■ **TASK STATEMENT**:
Return all of the data exactly, omitting any images.

(Pictures with short captions)
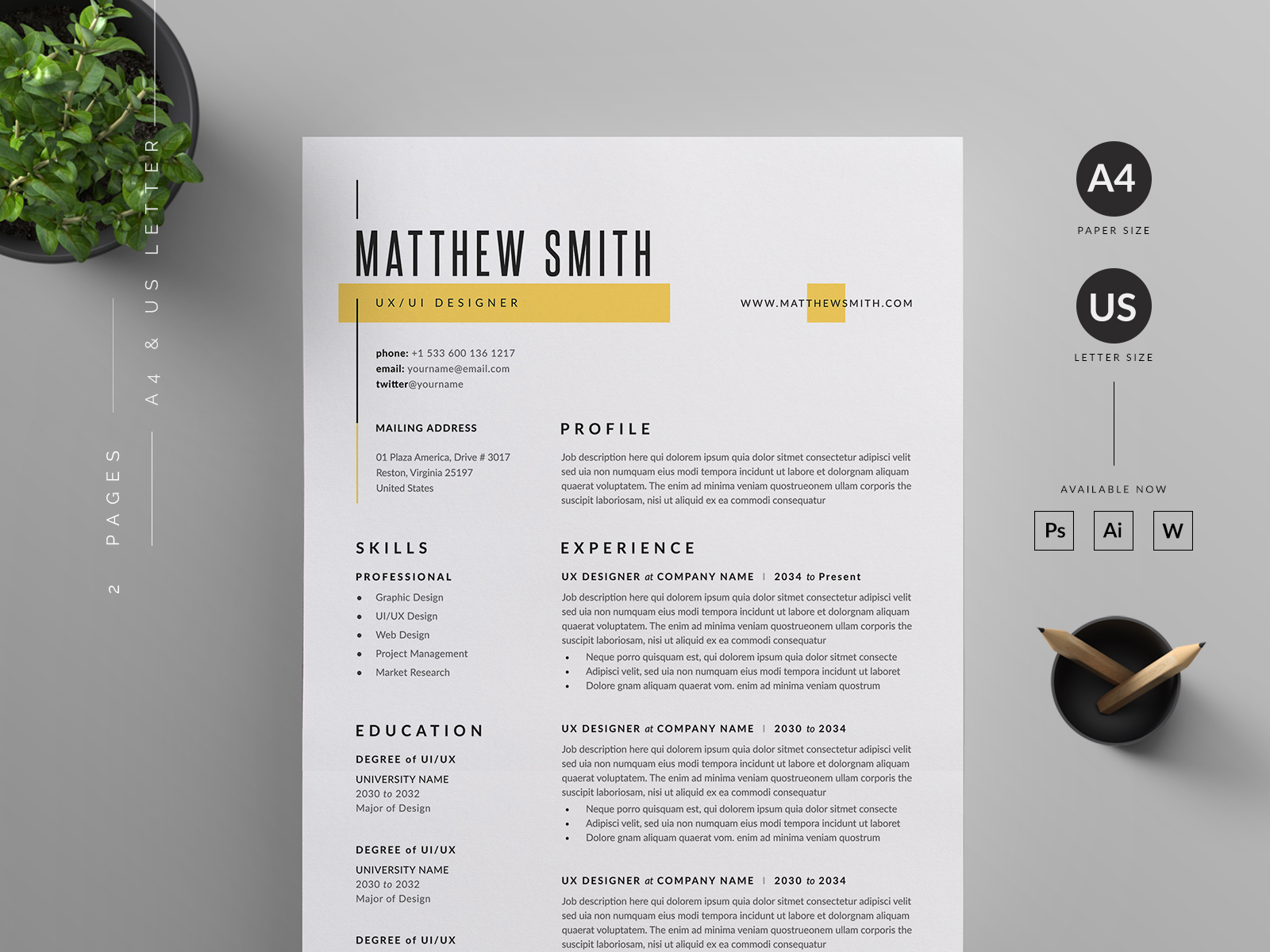 Resume/CV by Reuix Studio on Dribbble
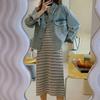 American Cowboy Cool Girl Distintivo Rouge Angustiado Retro Lavado Jeans Street Coat Japonês e Coreano Casual Atacado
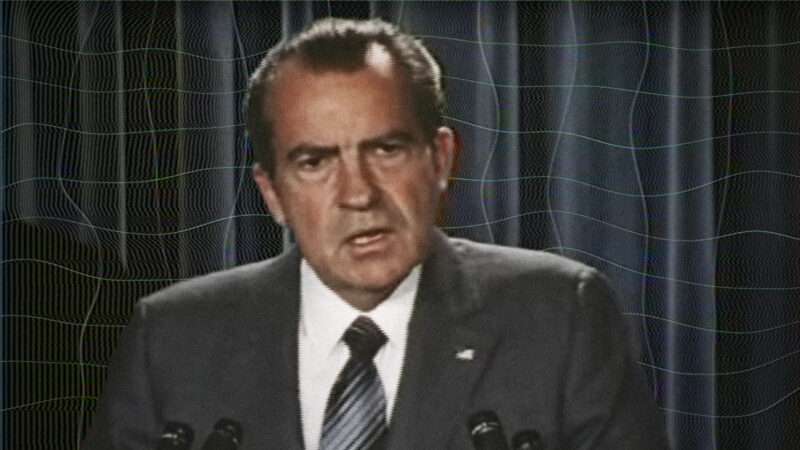 President Richard Nixon during the June 1971 speech in which he declares drug abuse 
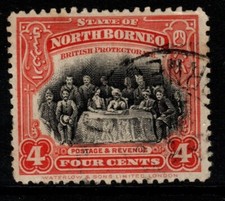 NORTH BORNEO SG280 1925 4c BLACK & SCARLET p12&frac12; USED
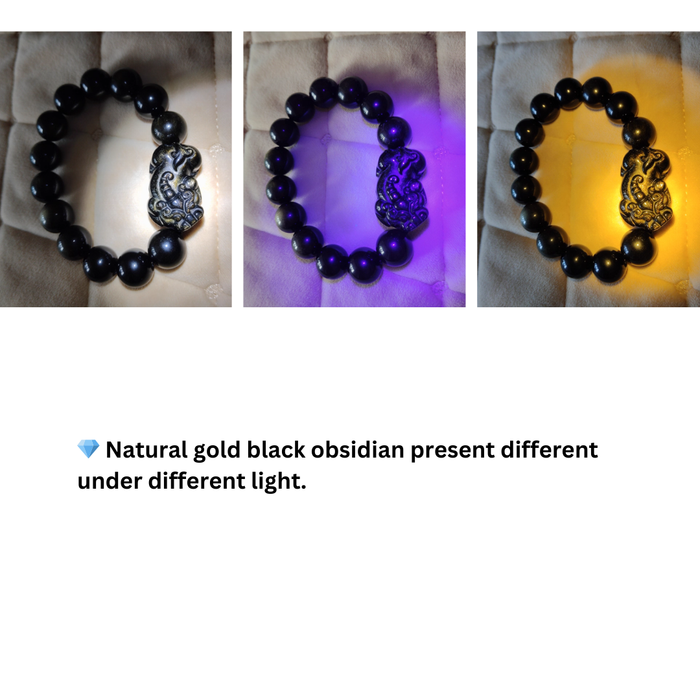 Natural Golden Sheen Obsidian Beads with Double Pixiu Charms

■ **TASK OUTPUT**:
 Resume/CV by Reuix Studio on Dribbble
 American Cowboy Cool Girl Distintivo Rouge Angustiado Retro Lavado Jeans Street Coat Japonês e Coreano Casual Atacado
 President Richard Nixon during the June 1971 speech in which he declares drug abuse 
 NORTH BORNEO SG280 1925 4c BLACK & SCARLET p12&frac12; USED
 Natural Golden Sheen Obsidian Beads with Double Pixiu Charms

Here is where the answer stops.